Из окна моей комнаты виднелся бедный узбекский двор, а над ним, на желтом холме, одинокая ива, с качающейся под ветром зеленой вершиной. Вот и весь мой горизонт, который сузился до одного только дерева, на которое я подолгу глядел из окна, — как оно вздрагивает и трепещет ветвями, словно разделяя со мной состояние одиночества. Дни моей жизни как будто слились в один без-конечный пустынный день. Окно потихоньку розовеет, наступает утро. Тишина — до звона в ушах. Я молюсь или, вернее, пытаюсь молиться, пока не наступает жара. Смутные неуловимые мысли уединения постоянно отвлекают от молитвы. Огромный диск солнца медленно поднимается над дрожащим горизонтом, заливая пустыню призрачным нереально ярким светом, под которым поверхность ее начинает дрожать, принимая причудливые очертания. Летняя знойная истома лежит на этом скудном пустынном ландшафте. Все уходит в знойное марево, словно в пустоту небытия. В той же неподвижной тишине солнечный диск, багровея, опускается за горизонт, где угадываются зубцы далекого безводного хребта. Я беру четки и снова пытаюсь взывать к Богу, под молчащими созвездиями, которые раньше приветливо улыбались мне из сверкающих небес.
Как ни прилагал я усилия и как ни старался войти в полноту духовной жизни, не выдуманной мной самим, а следующей по стопам святых отцов, однако все более убеждался в том, что в ней недостает чего-то самого главного, без чего все мои попытки удерживать в душе присутствие Бога превращались в безполезную погоню за несбыточной мечтой. Я всем сердцем ощущал, что не имею соприкосновения с традицией православной аскетики и больше доверяю своим выводам и суждениям, не подкрепленным вескими рассуждениями опытного святого человека, духовного отца и старца. Это горькое осознание ошибочности моих самостоятельных путей острой занозой сидело внутри меня, сводя на нет все мои усилия и странствования в поисках спасения.
Я начал молиться Богу о встрече с настоящим наставником и учителем святости, которого я полюбил бы, как родного отца и мать.

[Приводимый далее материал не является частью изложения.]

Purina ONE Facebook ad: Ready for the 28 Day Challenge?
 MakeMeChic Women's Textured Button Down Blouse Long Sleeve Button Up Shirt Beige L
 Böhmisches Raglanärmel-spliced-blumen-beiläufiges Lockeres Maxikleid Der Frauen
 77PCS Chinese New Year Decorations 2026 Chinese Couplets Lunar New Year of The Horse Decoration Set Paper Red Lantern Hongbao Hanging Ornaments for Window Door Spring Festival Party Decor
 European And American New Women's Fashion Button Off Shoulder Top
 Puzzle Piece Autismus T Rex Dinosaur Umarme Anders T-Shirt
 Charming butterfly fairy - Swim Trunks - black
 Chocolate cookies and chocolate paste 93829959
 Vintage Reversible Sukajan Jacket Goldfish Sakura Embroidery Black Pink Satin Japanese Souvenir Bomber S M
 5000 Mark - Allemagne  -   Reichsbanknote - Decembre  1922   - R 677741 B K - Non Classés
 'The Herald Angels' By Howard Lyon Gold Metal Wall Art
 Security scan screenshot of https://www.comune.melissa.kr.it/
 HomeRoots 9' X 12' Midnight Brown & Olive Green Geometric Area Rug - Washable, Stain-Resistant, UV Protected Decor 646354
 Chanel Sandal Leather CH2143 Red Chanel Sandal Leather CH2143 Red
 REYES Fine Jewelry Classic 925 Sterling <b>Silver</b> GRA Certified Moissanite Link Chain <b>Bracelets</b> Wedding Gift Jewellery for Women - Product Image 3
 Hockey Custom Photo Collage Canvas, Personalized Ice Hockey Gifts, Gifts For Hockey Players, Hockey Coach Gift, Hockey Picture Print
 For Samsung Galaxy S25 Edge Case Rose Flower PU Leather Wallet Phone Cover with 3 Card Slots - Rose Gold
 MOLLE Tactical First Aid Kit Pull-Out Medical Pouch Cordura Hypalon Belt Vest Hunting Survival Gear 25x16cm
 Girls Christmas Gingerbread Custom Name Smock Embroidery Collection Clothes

Иногда в отчаянии я выходил на порог в темные и бурные осенние ночи и, стоя лицом к ветру, взывал в непроглядное волнующееся пространство: «Господи, приведи меня, недостойного, к духовному отцу, ибо без него я блуждаю в потемках, как эта тьма пустыни, носимая пыльным ветром!» Я верил, что отчаянный голос мой будет непременно услышан, и потому настроился терпеливо ожидать встречи с самым необходимым человеком на свете — своим старцем. Я уже не придумывал себе его образ и не доверялся снам, лживо толкующим мои ожидания, но неуклонно стремился довериться во всем Богу, веря, что Он лучше меня знает, каким должен быть мой духовный отец.
За продуктами приходилось ездить в долину по разбитой асфальтовой дороге. Вначале нужно было взбираться вверх на небольшой перевал, затем двадцать километров вниз, с пустынного жаркого плато в зеленую пойму мелкой реки, текущей из далеких ущелий Гиссарского хребта. В лицо на въезде в долину ударял влажный воздух. Мириады мошек, тысячи бабочек носились над полями. В лицо веяло свежестью и запахом поливных плантаций герани. В поселке был шумный, пропахший дымом шашлыков базарчик, где можно было купить арбуз величиной с колесо арбы и дыню длиной с мой велосипед. Шум и толчея восточного базара, смешанные с дымом жарящегося мяса, запахом плова и постоянно орущей узбекской музыкой, буквально оглушали после пустынного безмолвия.